Yo me arrodillé entre sus piernas, renovando mis caricias bucales. Después la tomé por las nalgas, elevando ligeramente su cuerpo, y cuando ella misma se sostuvo en aquella postura, introduje las almohadas bajo sus glúteos de seda. Me arrodillé entre sus piernas, y mi pene reprodujo los movimientos que mi lengua había realizado unos momentos antes.
Recorrí con mi glande inflamado la totalidad de su abertura, deteniéndolo para frotar su clítoris. Luego lo coloqué a la entrada de su vagina, introduciéndolo apenas, para después recorrer circularmente los bordes de su cálido conducto.
Su orgasmo no tardó en llegar de nuevo. Su pelvis se elevó, acercando su pubis a la carne ardiente que deseaba dentro de sí. Sus gemidos en esta ocasión se fueron transformando en gritos ahogados, y todo su cuerpo se estremeció en los estertores de su placer.
Cuando se relajó nuevamente sobre la cama, una vez pasado el clímax, finalmente introduje mi virilidad en su interior, y me tendí sobre ella, cubriendo su rostro de suaves besos, sin querer moverme para mantener al máximo la increíble sensación de nuestro íntimo contacto.
Su vagina abrazaba mi pene, produciéndome sensaciones indescriptibles. Susana entró entonces en una especie de trance, en el que trataba desesperadamente de provocar los movimientos en su interior que yo le estaba negando. Empezó a gemir descontrolada; sus uñas se clavaron en mi espalda, y su orgasmo subía hasta cimas cada vez más altas, para luego descender, y comenzar de nuevo, en una sucesión de estremecimientos de placer.
Traté desesperadamente de negar a mis instintos que iniciaran los movimientos del coito, y me concentré en las sensaciones de mi boca succionando sus pechos, de mi lengua acariciando la dura rugosidad de sus pezones
Y mi amante se debatía entretanto furiosamente debajo de mi cuerpo, elevaba su pelvis buscando una imposible penetración aún más profunda, alcanzaba una cima para después relajarse unos segundos, y comenzar de nuevo. Finalmente, sus gemidos fueron ya un suave grito continuo. Su orgasmo se mantuvo en una de aquellas cimas durante muchos segundos. Y yo estaba ya fuera de mí, incapaz de negarme un momento más el urgente placer de mi culminación.
Bastaron dos o tres movimientos en su interior para que sintiera el placer más inmenso que había experimentado en mi vida, eyaculando sin freno en el interior de la mujer que amaba. Y su clímax llegó al máximo: enlazó sus piernas en mi cintura, y se abandonó al más intenso orgasmo de los que había sentido hasta ese momento.

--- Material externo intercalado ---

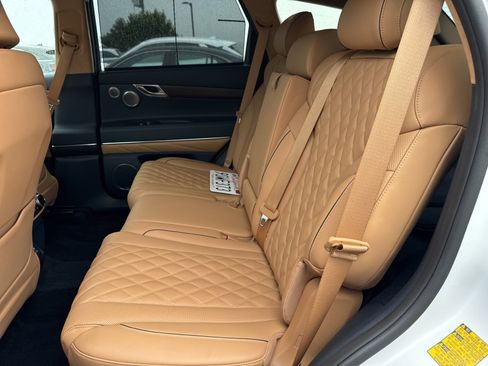 Used 2023 Genesis GV80 3.5T image 5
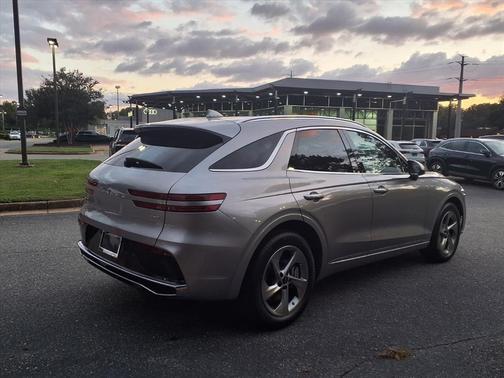 2026 Genesis GV70 2.5T
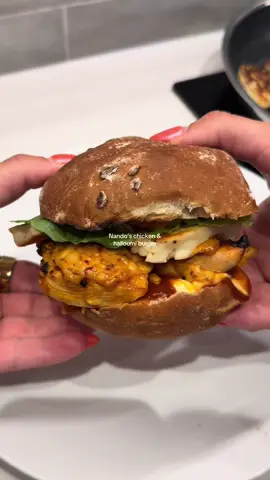 Nando’s chicken & halloumi burger 🍔 Ingredients (serves 2): @Jason's Sourdough protein rolls 2 chicken breast, butterflied  1/2 cup @Nando’s UK & Ireland quick medium marinade  2 slices of cheese  1 block of halloumi, sliced  Nando’s chilli jam & perinaise  Lettuce  #chickenburger #nandoschickenburger #nandoschicken #highproteindinner #highproteindinnerideas 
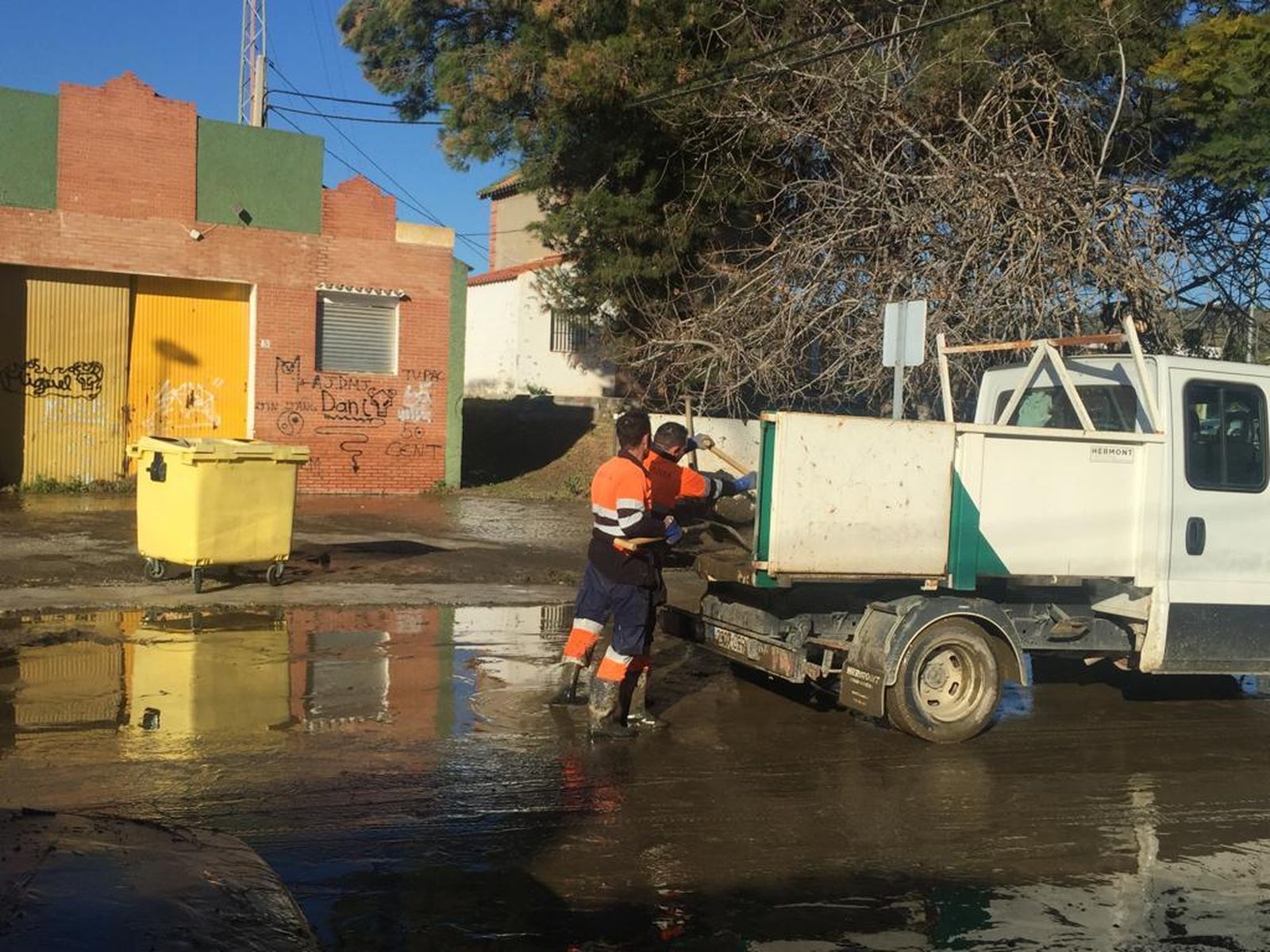 Imágenes de la inundación de El Trapiche, en Vélez-Málaga, por la rotura de una tubería del pantano de la Viñuela.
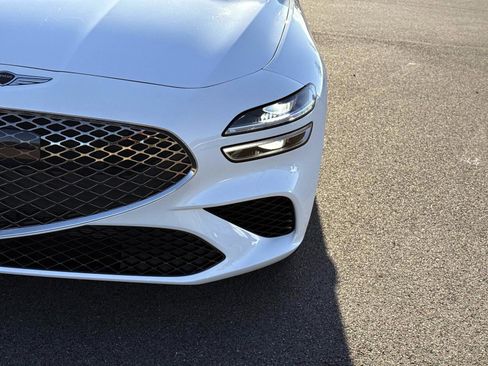 Used 2025 Genesis G70 2.5T image 11
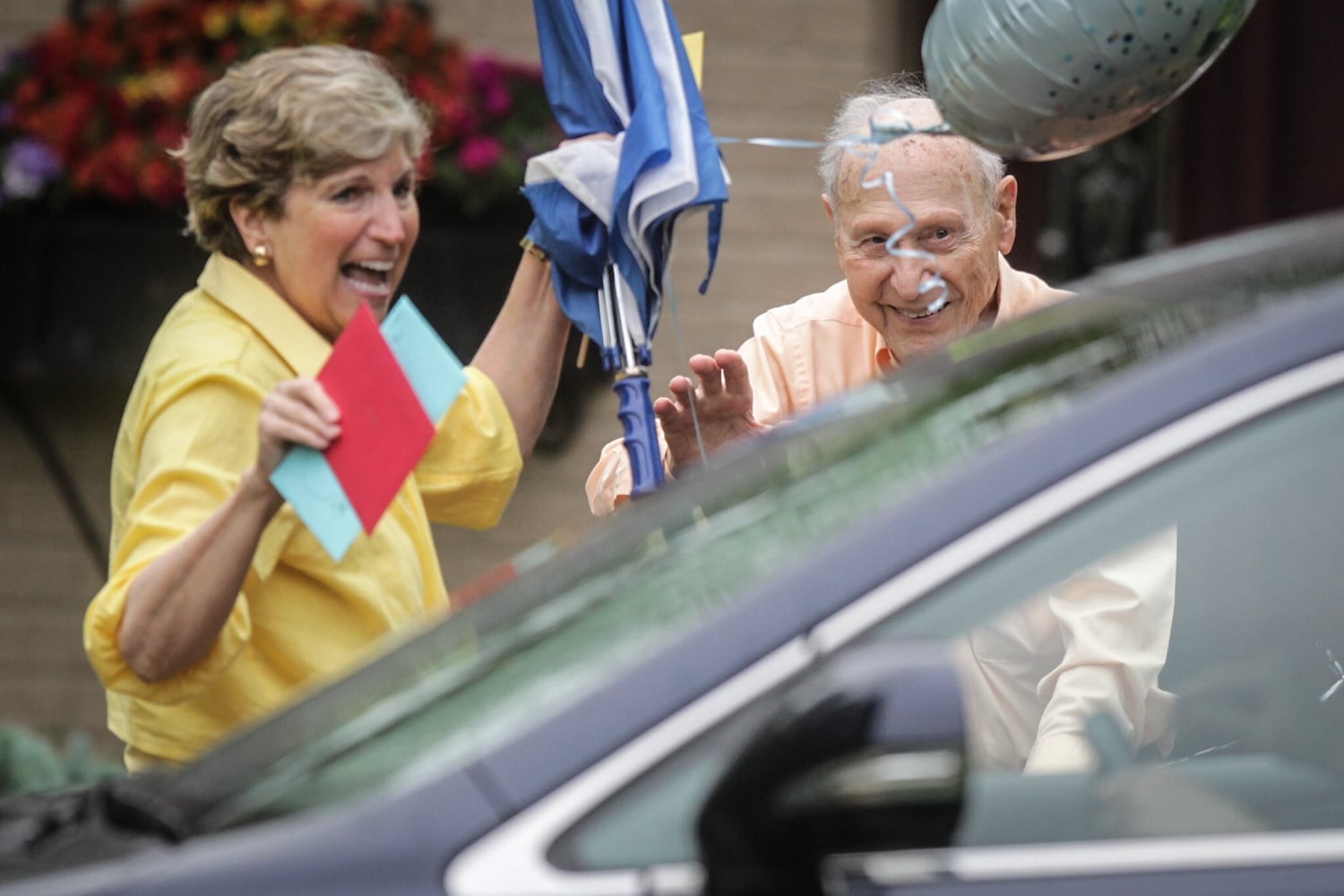 WWII veteran celebrates 100th birthday coronavirus-style in Sugarcreek Twp.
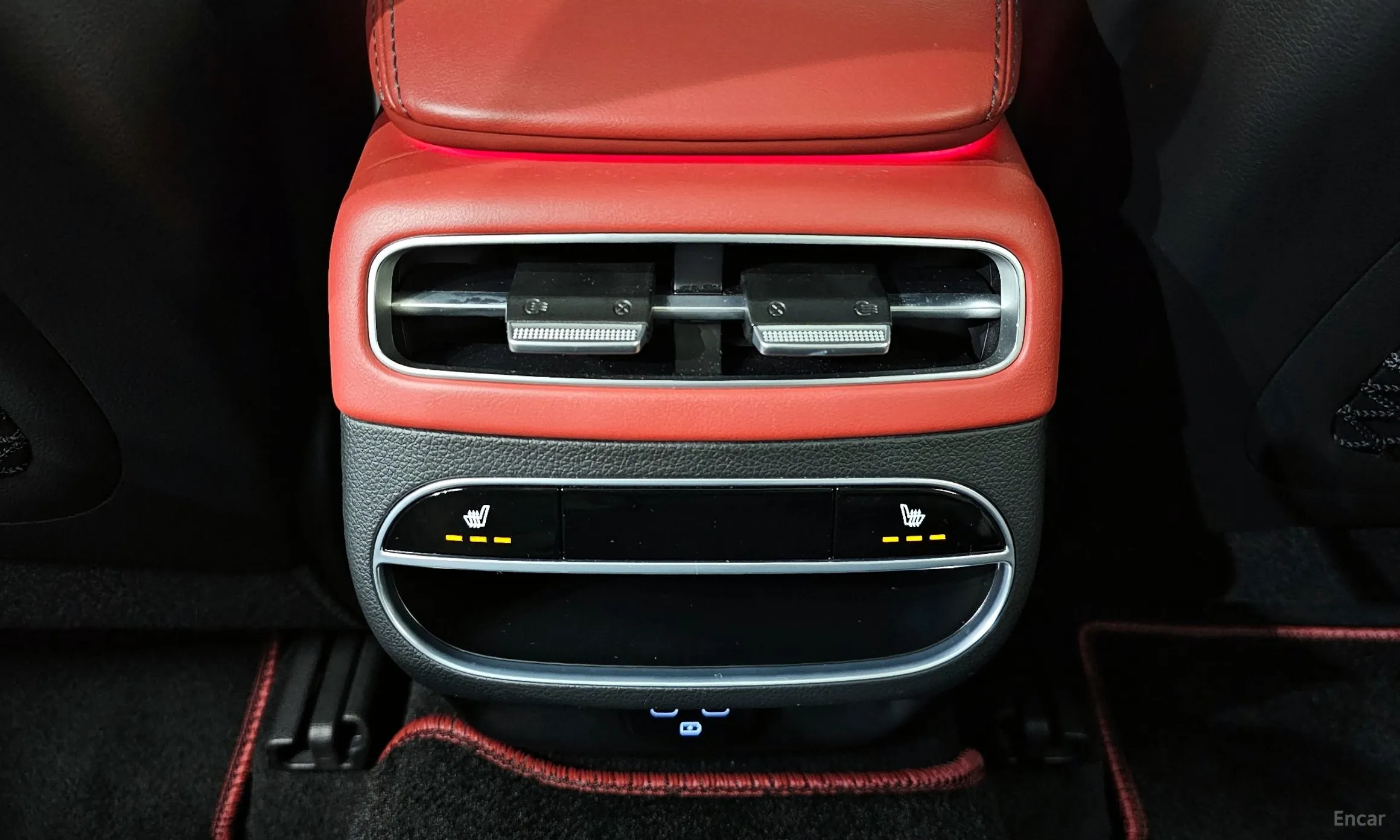 Genesis GV70 превью 18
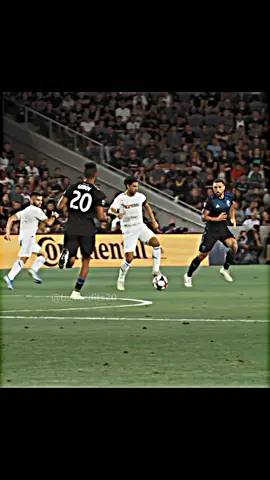 incredible 🤯 #football #skills #foryoupage #viral #fyp #edit 
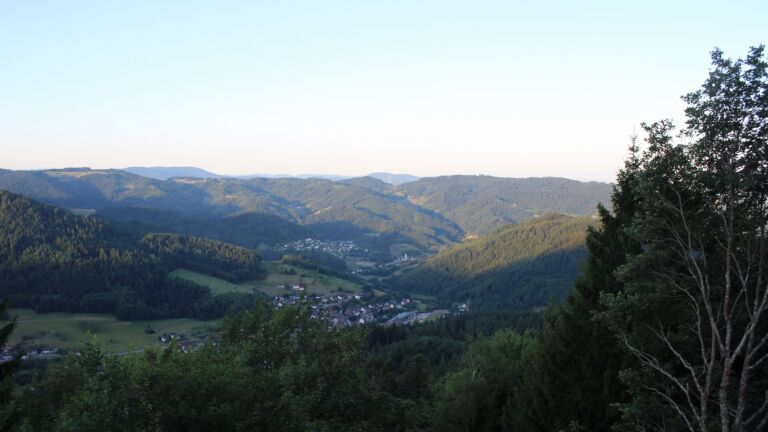 Dieses Bild zeigt eine Webcam-Aufnahme vom Achertal, aufgenommen am Samstag, den 25.07.2026 um 06:50 Uhr. Die Temperatur betrug 19.6°C.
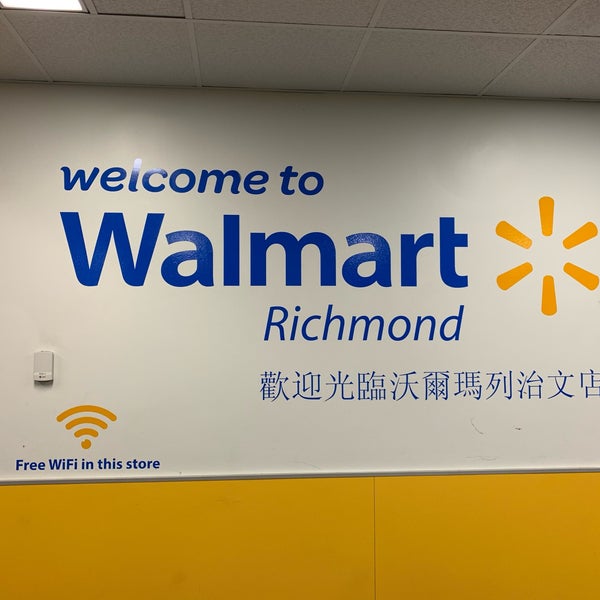 Das Foto wurde bei Walmart Supercentre von Adrian L. am 10/6/2019 aufgenommen
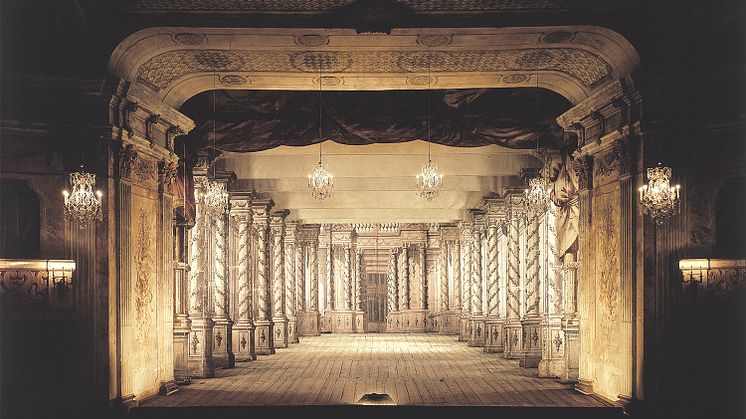 Scendekor målad av Carlo Galli Bibiena 1774. Drottningholms Slottsteater genomför nu konservering av de unika originalkulisser.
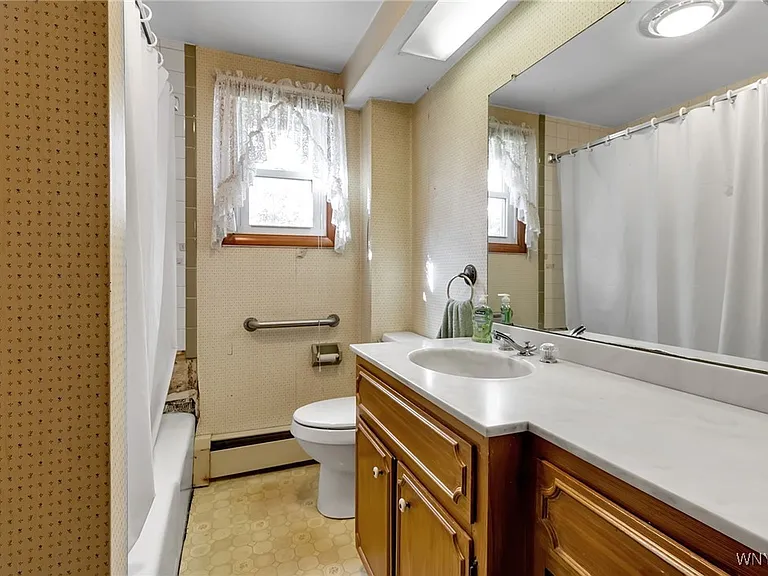 5232 Genesee St — Photo 1
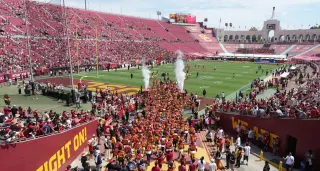 USC vows bigger crowds after viral empty Coliseum photos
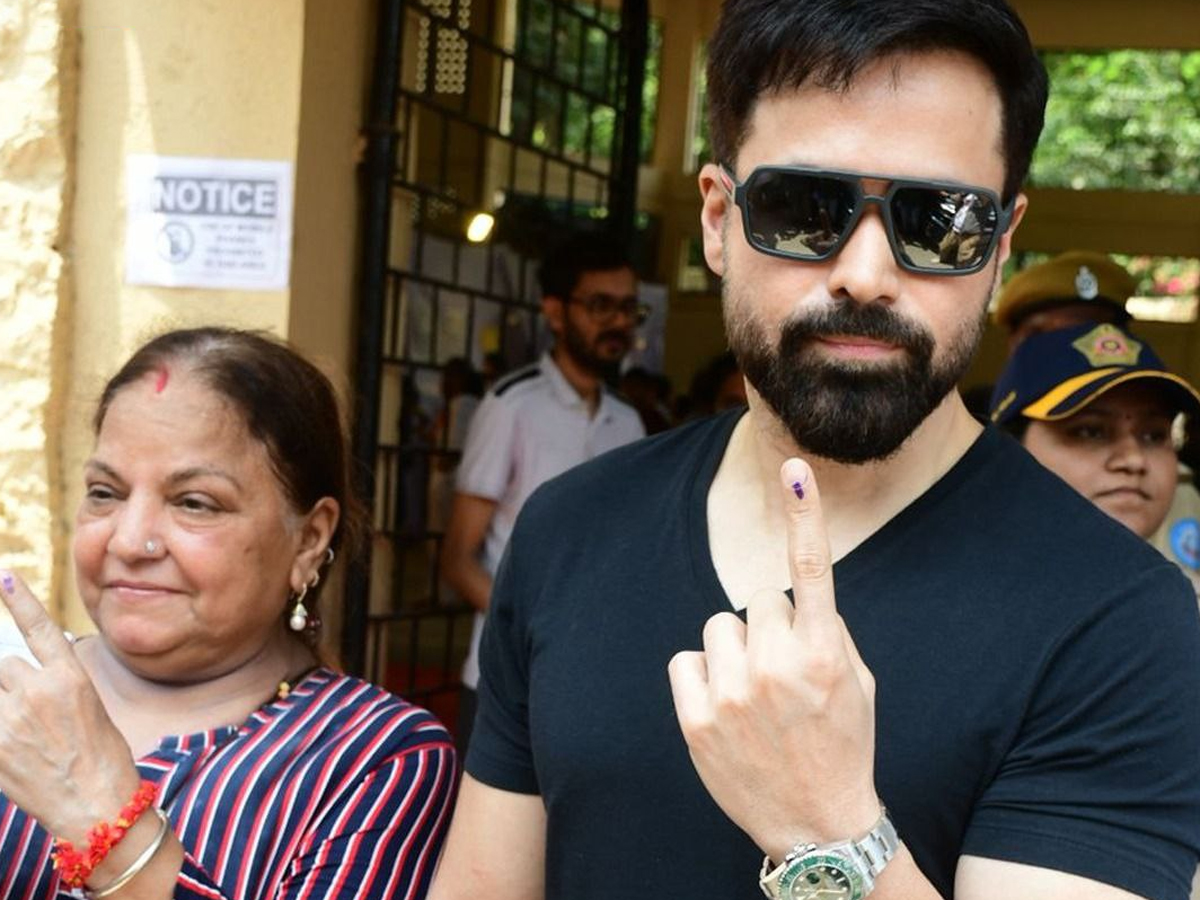 Lok Sabha Elections 2024 Celebrities Cast Their Votes In Mumbai Photos Viral44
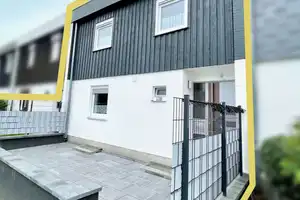 Ruhig gelegenes Reihenhaus mit Wintergarten und Garage ! ! ! – Salzgitter – Vorschaubild 1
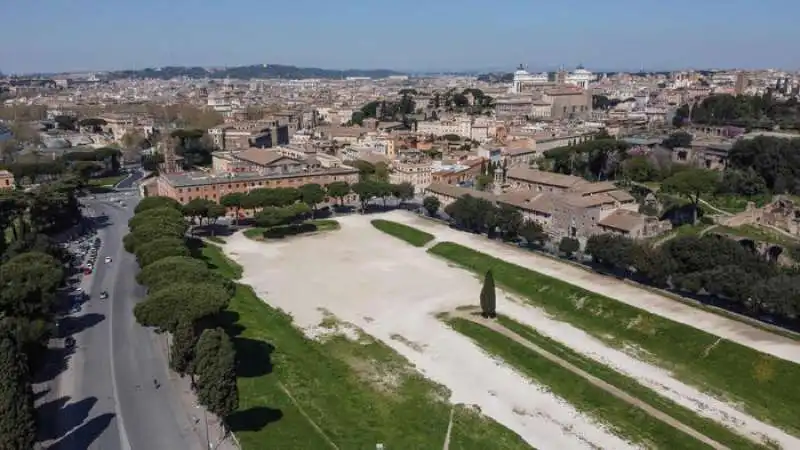 coronavirus   le foto di roma vista dal drone 15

No tenía noción del tiempo transcurrido. Desde la consumación de nuestra mutua entrega, estábamos estrechamente abrazados frente a frente, en completo silencio. Nuestras miradas prendidas en los otros ojos decían por nosotros todas las palabras que nuestros labios no expresaban.
En un momento determinado, Susana miró a su alrededor:
- No puedo imaginarme a papá con una mujer en este ambiente. La idea me resulta, no sé, casi antinatural.
Yo pensé en que tampoco papá podría siquiera sospechar que sus dos únicos hijos yacían desnudos sobre aquella cama, después de protagonizar un ardiente acto de amor.
Pero no dije nada a mi hermana. Me limité a besarla dulcemente.